COLLECTED DATA —
**********
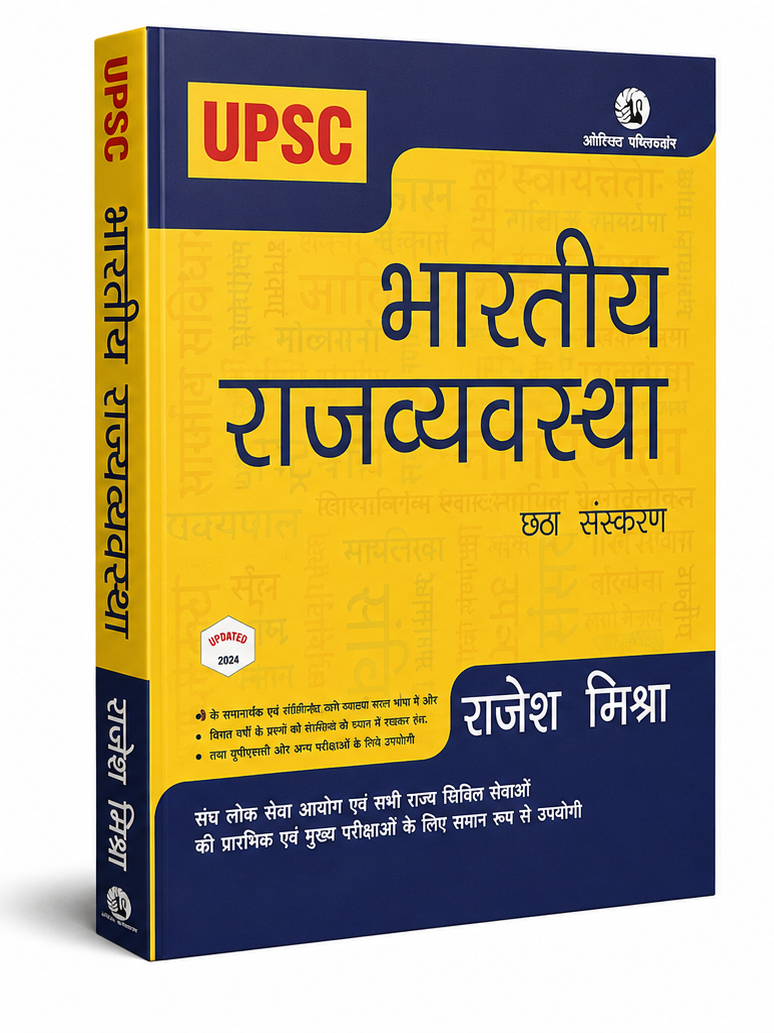 Bhartiya Rajvyavastha (6th Edition) | Rajesh Mishra | UPSC Indian Polity Book | Hindi Medium
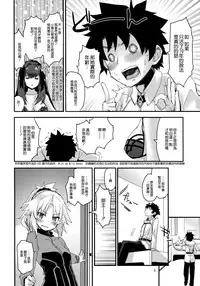 (C93) [Peθ (Mozu)] Wild Honey in White (Fate Grand Order) [Chinese] [無邪気漢化組]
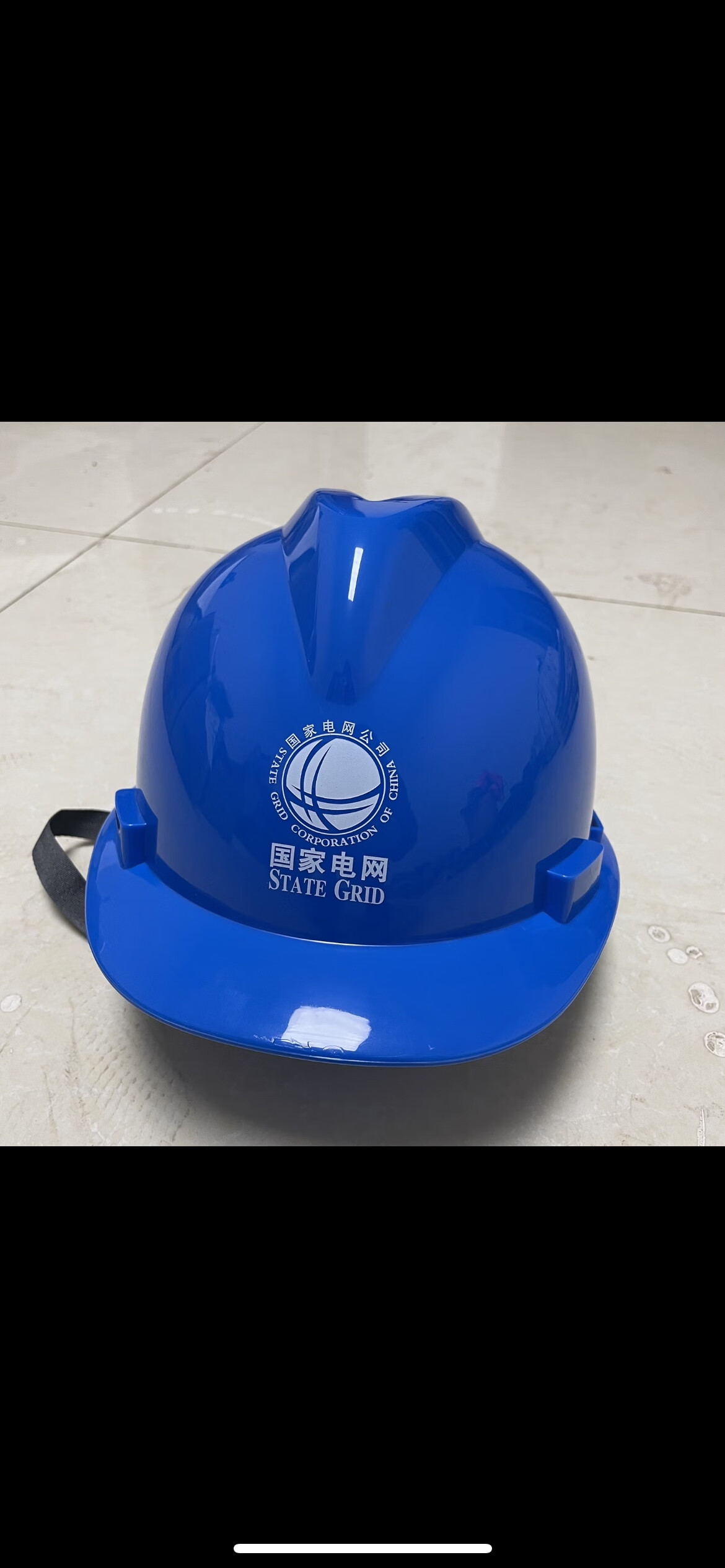 国家电网安全帽防砸头盔工地施工安全防撞工作帽电力工程适配 蓝色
**********
ASSIGNMENT —
Take the lines from the one holding "(C93) [Peθ (Mozu)]" through the final line of the listing above and copy them exactly, both ends included, with no pictures.

TASK RESULT —
 (C93) [Peθ (Mozu)] Wild Honey in White (Fate Grand Order) [Chinese] [無邪気漢化組]
 国家电网安全帽防砸头盔工地施工安全防撞工作帽电力工程适配 蓝色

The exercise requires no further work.